L’initiative portée par Élisabeth Borne, qui avait conduit au Parlement une réforme fortement contestée pendant son passage comme Première ministre, a déclenché une tempête au sein de la majorité macroniste.
Aucune référence à la réforme des retraites n’a été mentionnée lors de cette intervention. Lors de son allocution prononcée à 9h45 le mercredi 8 octobre, Sébastien Lecornu a pris soin de ne pas s’embarquer dans le débat qui secoue le mouvement Renaissance depuis que l’ancienne première ministre Elisabeth Borne a évoqué, la veille, la possibilité de mettre en pause sa réforme de 2023.
Dans une interview accordée au Parisien, mardi soir, l’ancienne Cheffe du gouvernement propose ce scénario pour permettre de sortir de la crise politique sans recourir à une dissolution. « Si cela assure la stabilité du pays, il faut examiner les modalités et les effets concrets d’une suspension jusqu’au débat qui doit avoir lieu lors de la prochaine élection présidentielle », soutient-elle.
Aile gauche contre aile droite
Dès que ces propos ont été rendus publics, les discussions sur WhatsApp et Telegram entre élus Renaissance se sont enflammées. « Sidéré », « est-ce à nous de dépenser notre héritage ? », interrogeaient des députés dont les échanges ont été divulgués par des journalistes sur X et que 42mag.fr peut confirmer. Certains déplorent un manque de cohésion dans l’annonce d’Elisabeth Borne, au-delà même du fond du dossier. D’autres apportent leur soutien à l’actuelle ministre de l’Éducation, qui démissionne. « Notre héritage ne tiendra pas debout si nous manquons cette ultime chance de compromis avant la dissolution », écrit l’une des parlementaires.

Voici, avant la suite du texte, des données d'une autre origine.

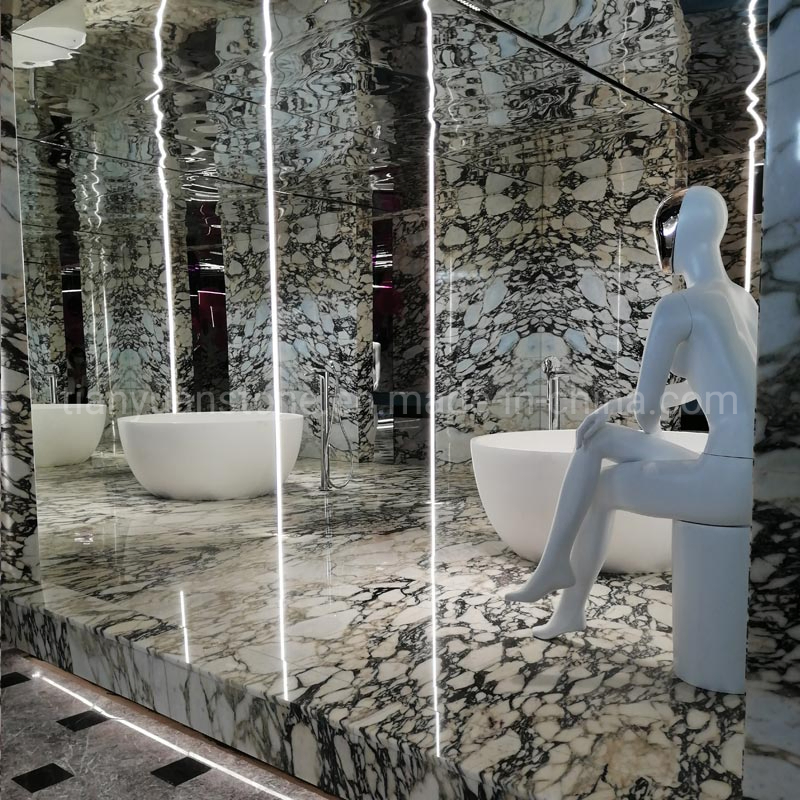 Italian Bvlgari Luxury Stone White Marble Price Per Square Meter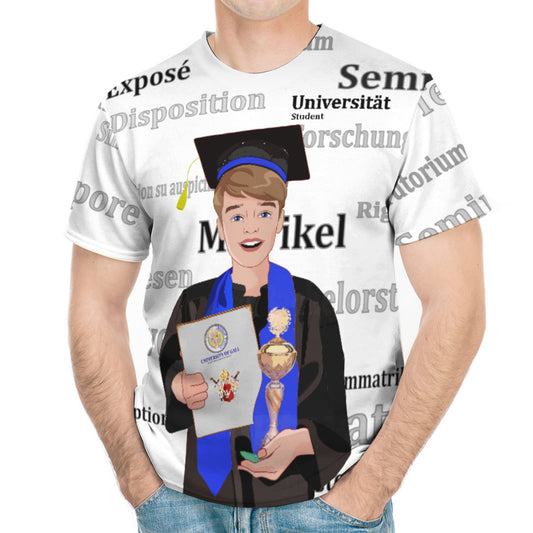 Men´s T-shirt Global Freedom United Student Boy Cooper Place Brown Hair 1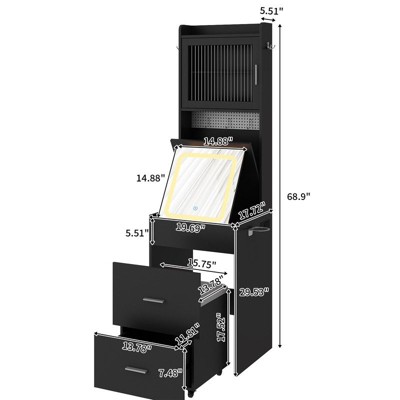 Karl Home Makeup Vanity Set with LED Lights and Power Outlets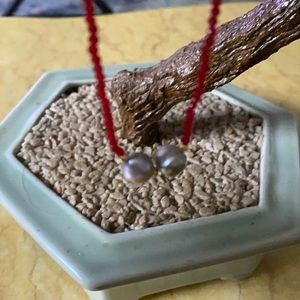 Vintage gray pearl grant necklace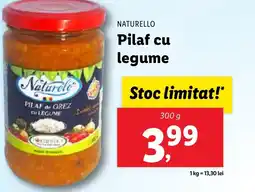 Lidl NATURELLO Pilaf cu legume Ofertă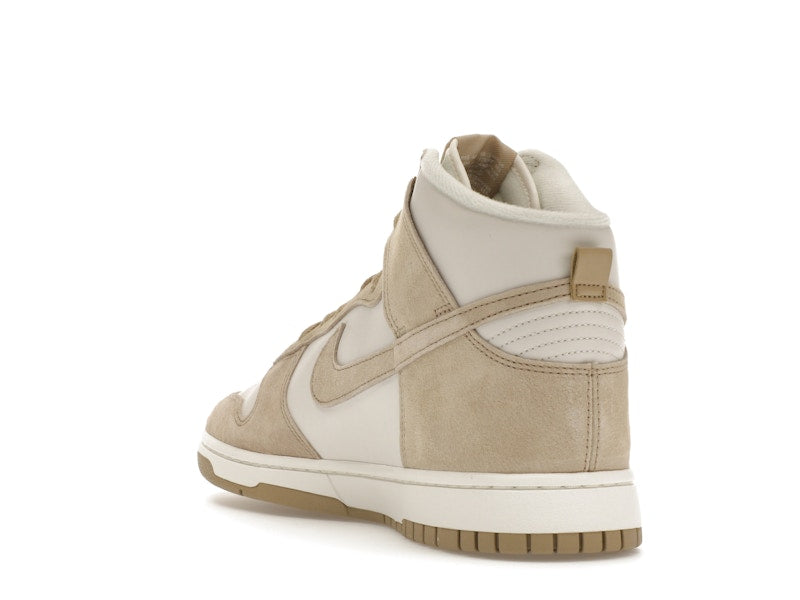 Nike Dunk High Tan Suede White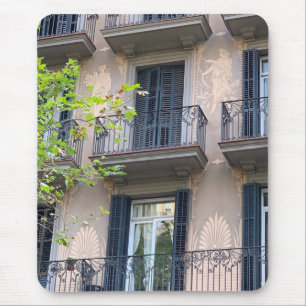 Tapis De Souris Balcons de Barcelone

Ces réactions reflètent, en grande partie, les sensibilités variées qui traversent les macronistes. L’aile gauche de Renaissance soutient plutôt Elisabeth Borne, estimant que sa position s’inscrit dans une démarche de rapprochement avec le PS. « Nous sommes prêts à temporiser sur la réforme des retraites, mais ce n’est pas un retour en arrière », affirme Agnès Pannier-Runacher, ancienne ministre de la Transition écologique, dans une interview à LCI. L’aile droite du mouvement, elle, demeure plus réservée face à l’idée d’un Premier ministre issu de la gauche. Maud Bregeon, députée EPR des Hauts-de-Seine, écarte, par exemple, la perspective qu’Olivier Faure occupe Matignon.
Un autre cadre du mouvement tente de proposer une synthèse. « Je crois que le seul point crucial, c’est d’avoir un budget, mais le gel des retraites constituerait un signal extrêmement mauvais qui nous coûterait cher », déclare-t-il à 42mag.fr, reconnaissant que « ce sont les députés qui redoutent le plus la dissolution qui se montrent les moins furieux contre Elisabeth Borne ».
Dans les coulisses de Renaissance, Olivier Dussopt, alors ministre du Travail lors de la réforme de 2023, évoque le coût d’une suspension, estimé « entre 13 et 15 milliards en 2035 ». « Je ne pense pas qu’un compromis puisse se bâtir sur une négation comptable, économique et démographique. À moins d’accepter que le système s’effondre », écrit-il, en désavouant Elisabeth Borne.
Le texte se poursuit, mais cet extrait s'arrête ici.